Hacker News new | ask | show | jobs
by wostusername 2400 days ago
You don't necessarily need something more powerful than Yacc. I think the point was that you can encode errors directly into your grammar. So for some language with semicolon statement separators you can do something like this:

    PROGRAM -> STATEMENT*
    STATEMENT -> IF-STATEMENT | ASSIGN-STATEMENT | STATEMENT-ERROR
    IF-STATEMENT -> ...
    ASSIGN-STATEMENT -> ...
    STATEMENT-ERROR -> TOKEN* SEMICOLON
The idea being that if the if-statement and assignment statement rules fail you consume tokens until the next statement separator (semicolon in our case), produce an Error node in the AST and resume parsing the next statement. This allows your parser to actually catch multiple errors in one pass since it won't die the moment it encounters something it can't parse. After parsing you scan the AST and if it has any Error nodes you spit out the relevant error messages and exit. You can get as granular with the error rules as you want, although the more you add the more unwieldy the grammar becomes.

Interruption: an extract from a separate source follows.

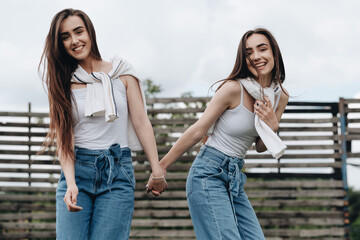 Portrait of Two Young Brunette Twins Sisters Dressed Alike in Jeans and White T-shirt, Best Friends Forever Concept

Naturally doing this in practice is harder than it sounds. Tweaking the Error rules is hard. If you consume too much or too little input you will resume in a spot that can have no chance of ever succeeding, giving way to a cascade of parse errors. I think we've probably all seen a compiler spit out a couple of dozen error messages all stemming from a single root error like a missing closing parentheses or brace.